Beyond the shields, batons and alpha male banter of their day job, we see a more personal side to the riot police as they snort cocaine, stalk ex-girlfriends, suffer panic attacks and hernias and generally struggle with the strain of everyday life.
Raises the bar
It makes for outstanding viewing. Antidisturbios, which is broadcast by Movistar+, raises the bar for Spanish television and holds its own in the company of the best English-language series currently on subscription platforms.
It also offers a nuanced insight into a police unit that has frequently been in the public eye in recent years but whose members have been widely regarded as little more than violent tools of the state.
“It’s a group of professionals who are so hated and controversial,” the 39-year-old director of the series, Rodrigo Sorogoyen, told The Irish Times. “Unfortunately, over the last 10 years or so, they have become more and more well-known, for reasons that we are all familiar with.”
The police’s now-notorious charges into peaceful indignados demonstrators in Madrid, in 2011, is one example. The shocking scenes of baton-wielding agents in Catalonia attacking unarmed voters in 2017 is another.
The series casts the police as the unloved puppets of higher powers who obey orders even when those are driven by greed, rather than justice
Sorogoyen saw a challenge in exploring the human beings behind such brutal actions. But he, Isabel Peña and Eduardo Villanueva, with whom he co-wrote the script, also found an opportunity to tell a wider story about contemporary Spain.
“We were interested in the story of the riot police but then we saw that these people are right at the bottom of the pile,” the director said. “And as we looked up above them we started writing about corrupt former police officers, about real estate corruption, about under-the-counter politics. And we realised that we wanted to tackle all that stuff.”
The series casts the police as the unloved puppets of higher powers who obey orders even when those are driven by greed, rather than justice. With dozens of corruption scandals in Spain in recent years, there was plenty of raw material from which to draw.
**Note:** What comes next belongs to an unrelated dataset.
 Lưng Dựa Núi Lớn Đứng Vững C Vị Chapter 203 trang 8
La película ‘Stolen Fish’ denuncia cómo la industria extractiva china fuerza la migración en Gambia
The character of Revilla, a former police officer whose behind-the-scenes string-pulling makes or breaks the careers of politicians and officials, seems to be rooted in real life. Even his beard and flat cap resemble those of José Manuel Villarejo, an ex-cop currently awaiting trial whom the Spanish media credits with running a massive deep-state apparatus.
“What really interests the creators [of this series] is rummaging around in the sewers of power,” noted El Periódico newspaper, in one of many enthusiastic reviews the Spanish press has given Antidisturbios.
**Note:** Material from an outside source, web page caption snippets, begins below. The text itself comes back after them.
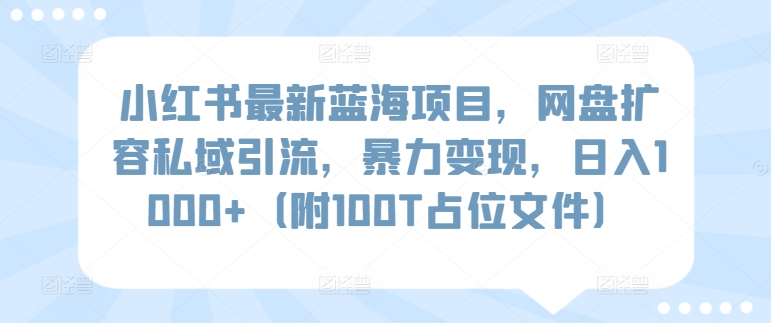 小红书最新蓝海项目，网盘扩容私域引流，暴力变现，日入1000+（附100T占位文件）-枫客网创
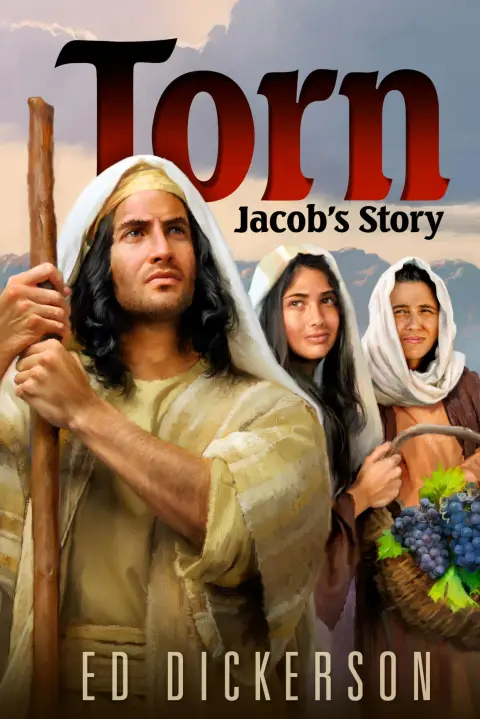 Cover of Torn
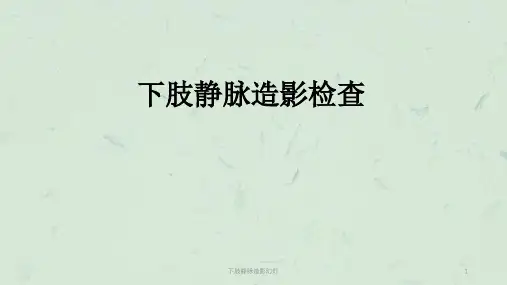 下肢静脉造影幻灯课件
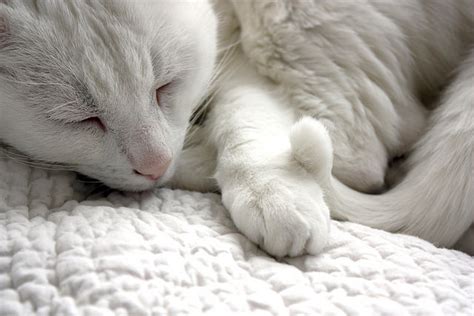 7 Facts About Your Cat's Sleeping Habits - iHeartCats.com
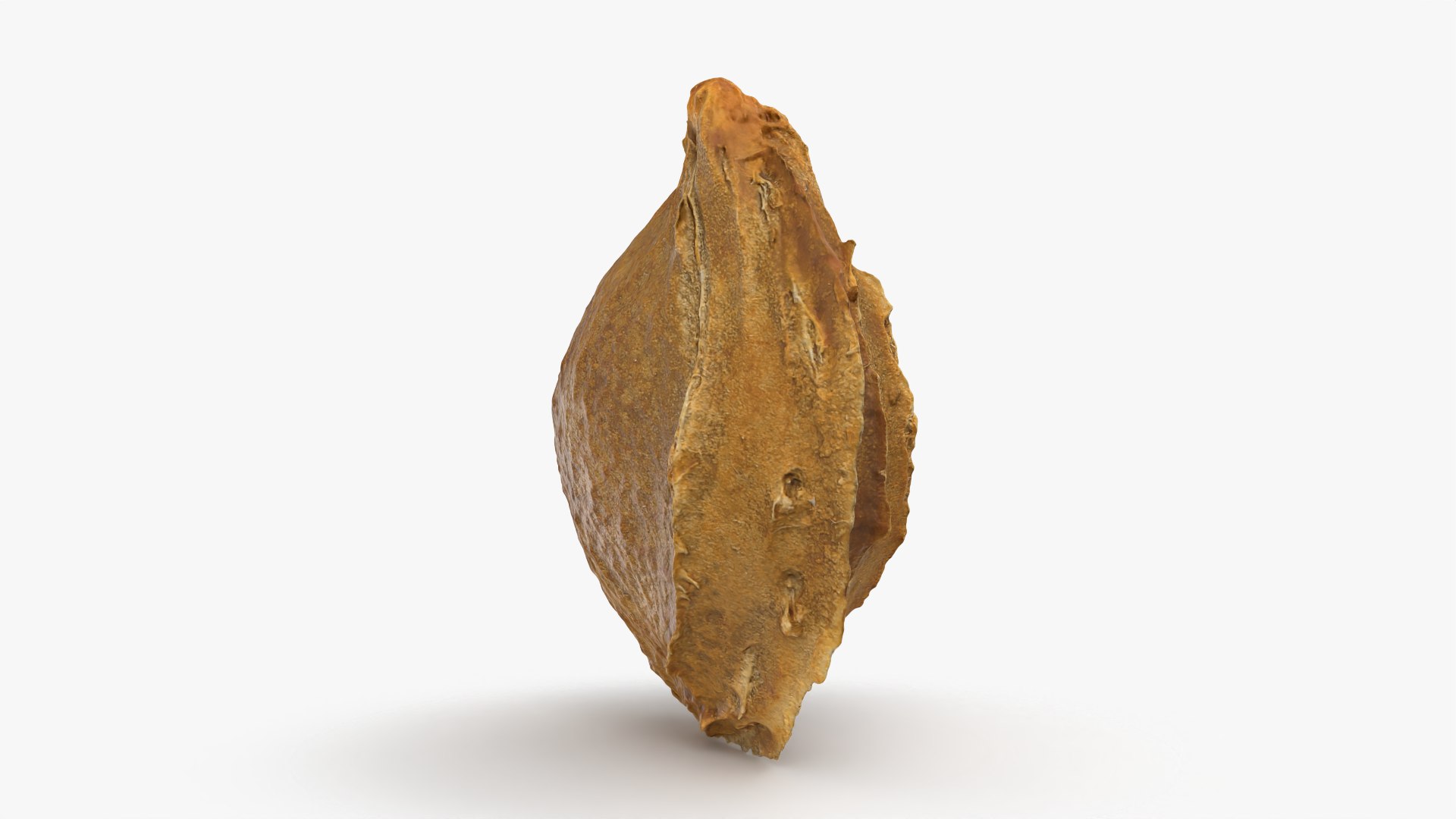 Apricot Kernel - 3D Scanned 3D model https://p.turbosquid.com/ts-thumb/Fh/QJt6BV/Dt/apricotseed_0006/png/1784636566/1920x1080/fit_q87/d21fef8a3228b75dd945fcba59476d2b3f6f39c1/apricotseed_0006.jpg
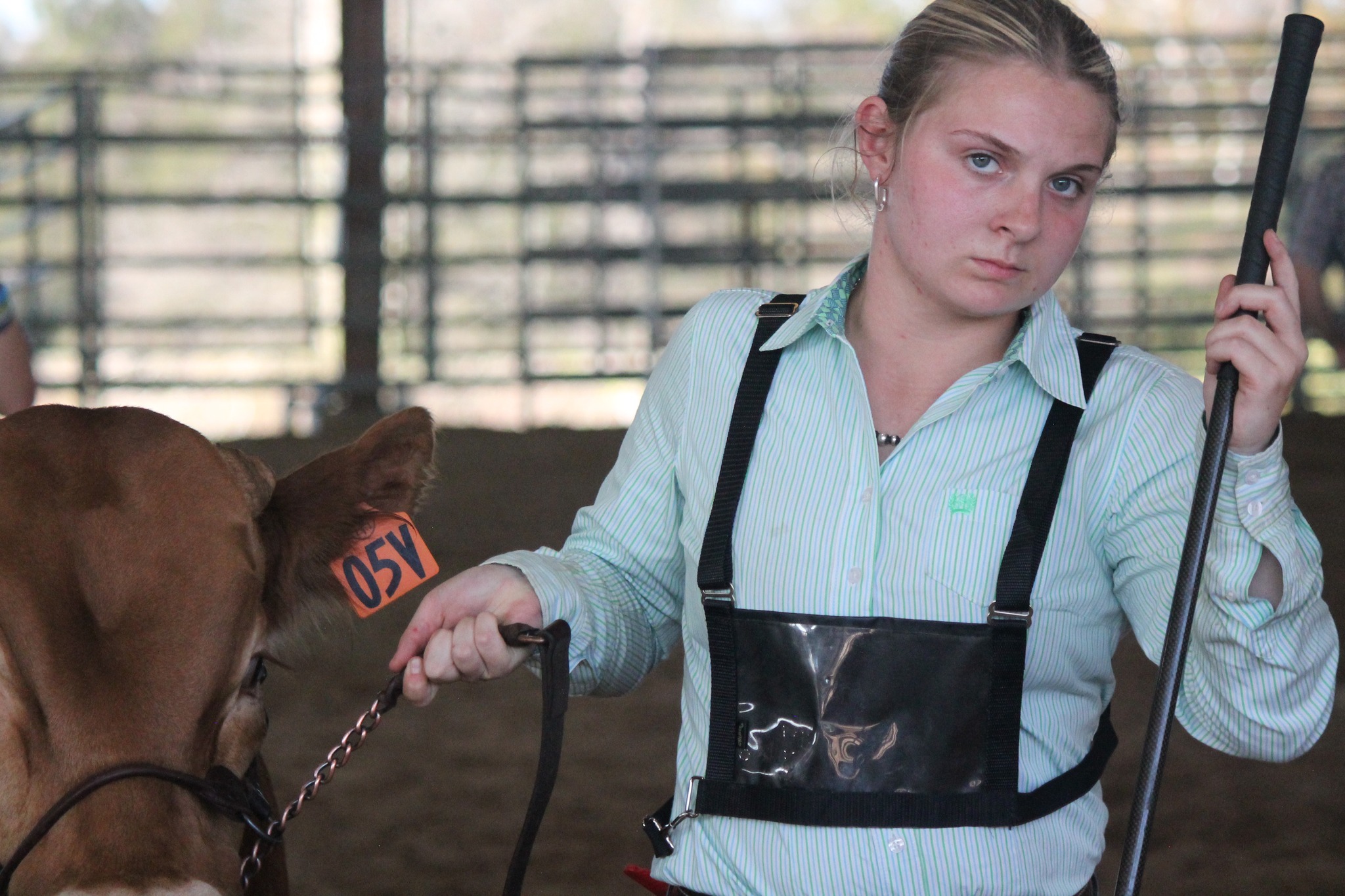 Youth exhibitor with Akaushi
However, despite the acclaim, some police organisations and their members have attacked the series. The SUP police union described it as “humiliating and defamatory”, while the JUPOL union said it was “absolute garbage”.
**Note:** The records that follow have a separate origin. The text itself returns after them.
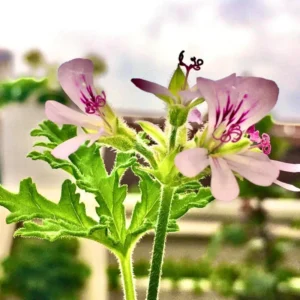 Citronella Plants Live - 4 Pack - Indoor/Outdoor Mosquito Repellent Plants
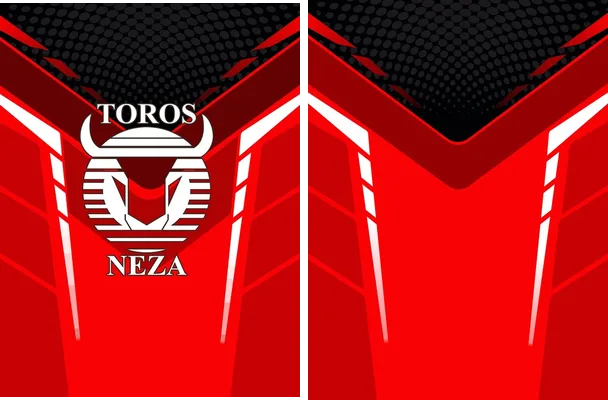 toros neza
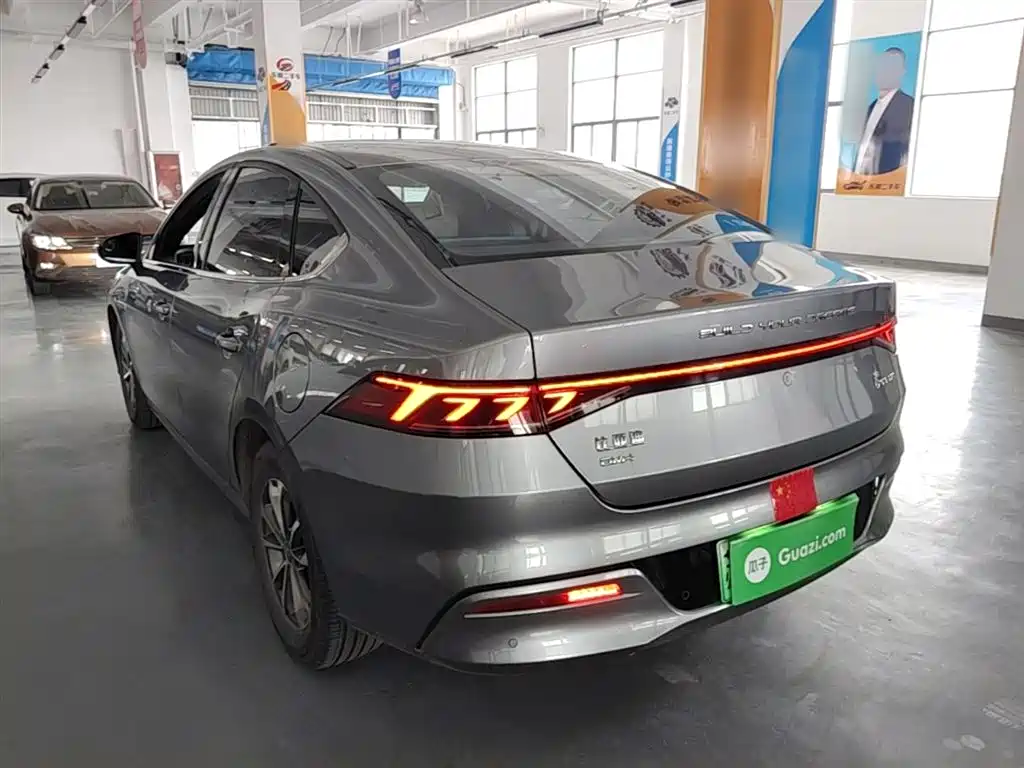 BYD Qin PLUS 2024 Glory Edition DM-i 55KM Leading фото 5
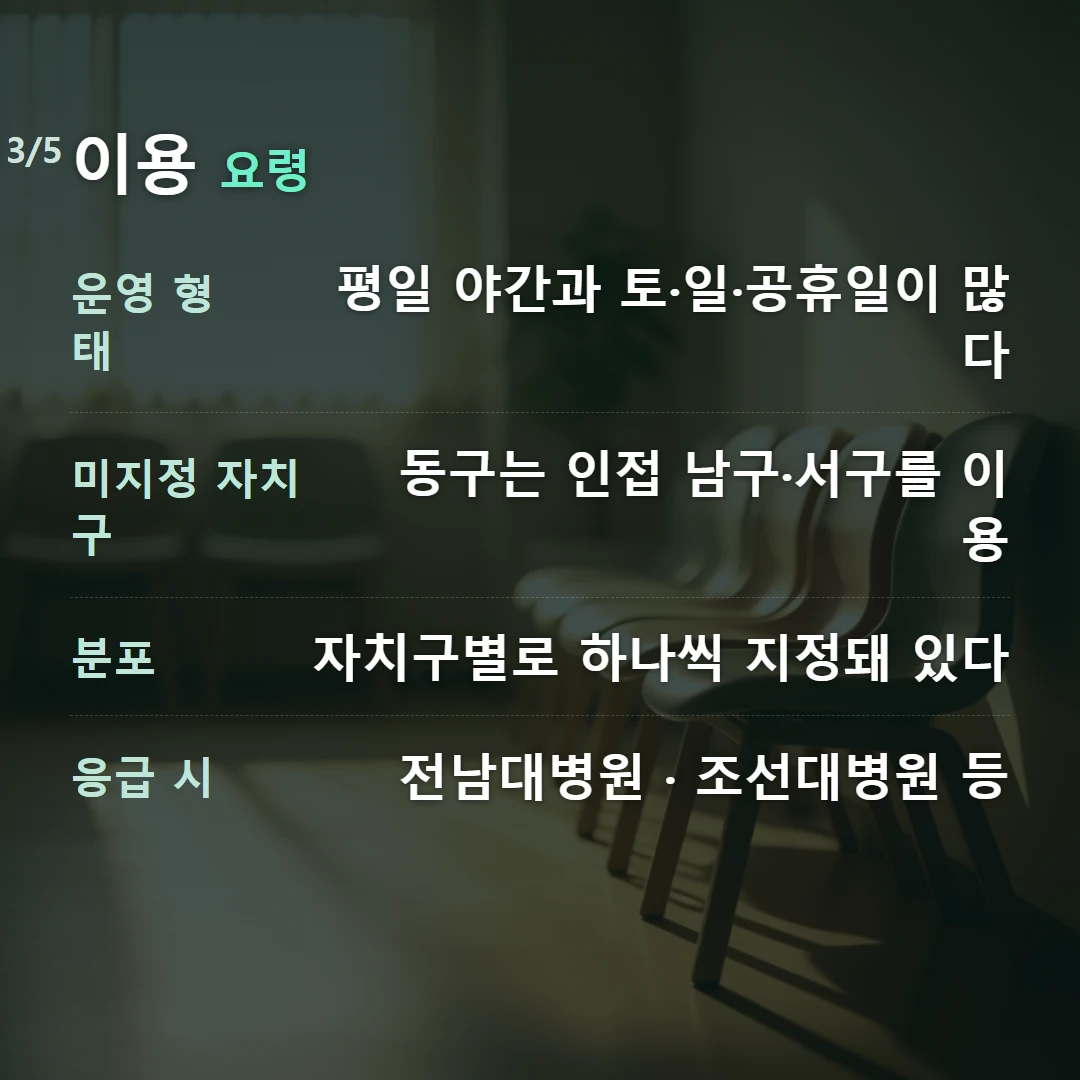 이용 요령 — 운영 형태 평일 야간과 토·일·공휴일이 많다, 미지정 자치구 동구는 인접 남구·서구를 이용, 분포 자치구별로 하나씩 지정돼 있다, 응급 시 전남대병원 · 조선대병원 등
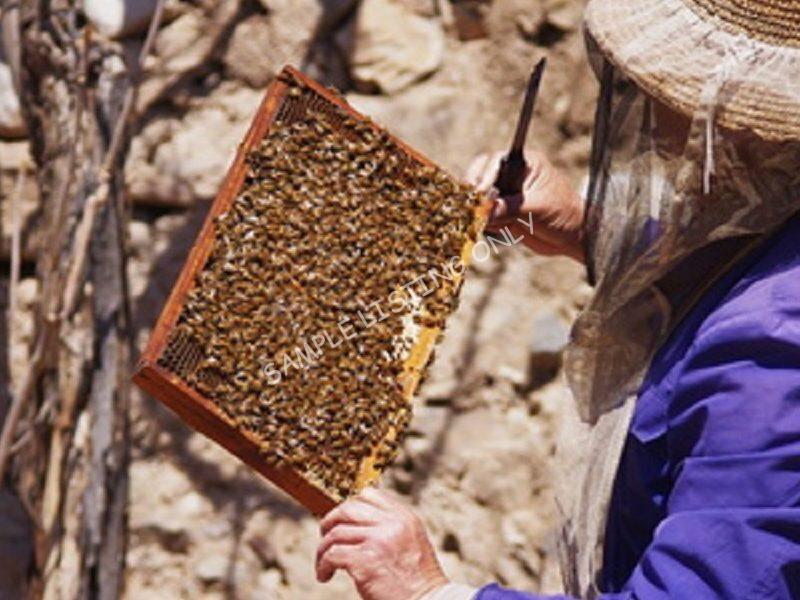 Pure Algeria Honey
“In the series we are treated like virtual criminals,” one policeman told Diario Sur newspaper, as he complained about the handful of scenes in which characters drink heavily or take drugs.
Such responses seem to misunderstand the intention of Antidisturbios, which is to avoid the moral simplicity of pitting goodies against baddies. They also fail to realise that, after years of being stigmatised, this is a sympathetic, human portrayal of Spain’s riot police.
“We never wanted to insult anyone,” said Sorogoyen. “On the contrary, after making this series the biggest sensation it left us with was one of . . . I wouldn’t want to use the word pity, but certainly concern for the riot police.”